_TASK BRIEF_
The required output is the lines below from the line containing "5-kamerhuis te koop" to the line containing "Appartement vente à", inclusive, retyped exactly. No other lines belong in it.

_DATA FOR PROCESSING_
*** Block opens ***

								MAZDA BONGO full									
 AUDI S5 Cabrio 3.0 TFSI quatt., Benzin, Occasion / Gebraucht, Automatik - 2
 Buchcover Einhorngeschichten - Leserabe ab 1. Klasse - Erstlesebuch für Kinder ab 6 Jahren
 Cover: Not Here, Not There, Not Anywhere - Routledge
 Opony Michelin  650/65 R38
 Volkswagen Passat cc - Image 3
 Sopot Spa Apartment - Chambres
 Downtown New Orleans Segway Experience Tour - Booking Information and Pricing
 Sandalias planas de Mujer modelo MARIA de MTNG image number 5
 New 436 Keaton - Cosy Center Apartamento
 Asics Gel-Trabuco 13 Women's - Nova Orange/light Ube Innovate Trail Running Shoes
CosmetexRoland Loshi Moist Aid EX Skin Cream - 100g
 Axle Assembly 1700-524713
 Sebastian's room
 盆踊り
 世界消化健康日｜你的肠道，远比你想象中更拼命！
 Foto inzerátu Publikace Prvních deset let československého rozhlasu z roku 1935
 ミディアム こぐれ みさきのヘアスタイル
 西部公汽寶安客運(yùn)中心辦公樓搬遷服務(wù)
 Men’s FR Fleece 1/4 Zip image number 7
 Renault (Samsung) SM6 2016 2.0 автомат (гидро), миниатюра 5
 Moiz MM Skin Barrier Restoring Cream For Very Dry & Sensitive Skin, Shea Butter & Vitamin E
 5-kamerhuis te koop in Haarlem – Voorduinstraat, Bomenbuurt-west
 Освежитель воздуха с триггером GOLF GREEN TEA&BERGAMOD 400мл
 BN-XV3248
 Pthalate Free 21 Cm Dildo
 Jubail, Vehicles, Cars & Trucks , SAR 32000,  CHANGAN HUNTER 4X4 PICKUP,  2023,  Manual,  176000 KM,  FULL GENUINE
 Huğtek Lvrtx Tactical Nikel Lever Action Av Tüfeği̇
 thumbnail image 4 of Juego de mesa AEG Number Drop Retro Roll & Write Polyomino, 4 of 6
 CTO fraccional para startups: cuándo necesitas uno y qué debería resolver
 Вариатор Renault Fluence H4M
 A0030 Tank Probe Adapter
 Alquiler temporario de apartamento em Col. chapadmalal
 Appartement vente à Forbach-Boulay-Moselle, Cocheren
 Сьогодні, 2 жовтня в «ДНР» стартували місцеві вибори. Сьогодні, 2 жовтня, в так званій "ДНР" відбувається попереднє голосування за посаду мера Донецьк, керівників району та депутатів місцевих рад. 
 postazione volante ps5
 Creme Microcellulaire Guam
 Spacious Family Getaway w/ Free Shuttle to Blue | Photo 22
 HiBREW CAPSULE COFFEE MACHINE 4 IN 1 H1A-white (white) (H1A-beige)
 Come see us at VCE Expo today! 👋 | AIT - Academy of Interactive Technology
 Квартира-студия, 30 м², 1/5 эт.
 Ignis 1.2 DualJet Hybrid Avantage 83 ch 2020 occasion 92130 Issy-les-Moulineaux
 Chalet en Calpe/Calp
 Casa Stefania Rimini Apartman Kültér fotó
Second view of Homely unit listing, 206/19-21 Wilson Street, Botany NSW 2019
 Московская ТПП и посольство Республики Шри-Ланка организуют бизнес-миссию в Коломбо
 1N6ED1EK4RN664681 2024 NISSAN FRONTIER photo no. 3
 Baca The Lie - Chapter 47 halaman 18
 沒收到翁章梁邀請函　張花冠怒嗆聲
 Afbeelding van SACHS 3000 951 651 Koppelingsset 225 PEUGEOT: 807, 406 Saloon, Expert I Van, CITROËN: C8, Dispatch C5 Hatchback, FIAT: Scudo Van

*** Block closes ***

_EXERCISE RESULT_
 5-kamerhuis te koop in Haarlem – Voorduinstraat, Bomenbuurt-west
 Освежитель воздуха с триггером GOLF GREEN TEA&BERGAMOD 400мл
 BN-XV3248
 Pthalate Free 21 Cm Dildo
 Jubail, Vehicles, Cars & Trucks , SAR 32000,  CHANGAN HUNTER 4X4 PICKUP,  2023,  Manual,  176000 KM,  FULL GENUINE
 Huğtek Lvrtx Tactical Nikel Lever Action Av Tüfeği̇
 thumbnail image 4 of Juego de mesa AEG Number Drop Retro Roll & Write Polyomino, 4 of 6
 CTO fraccional para startups: cuándo necesitas uno y qué debería resolver
 Вариатор Renault Fluence H4M
 A0030 Tank Probe Adapter
 Alquiler temporario de apartamento em Col. chapadmalal
 Appartement vente à Forbach-Boulay-Moselle, Cocheren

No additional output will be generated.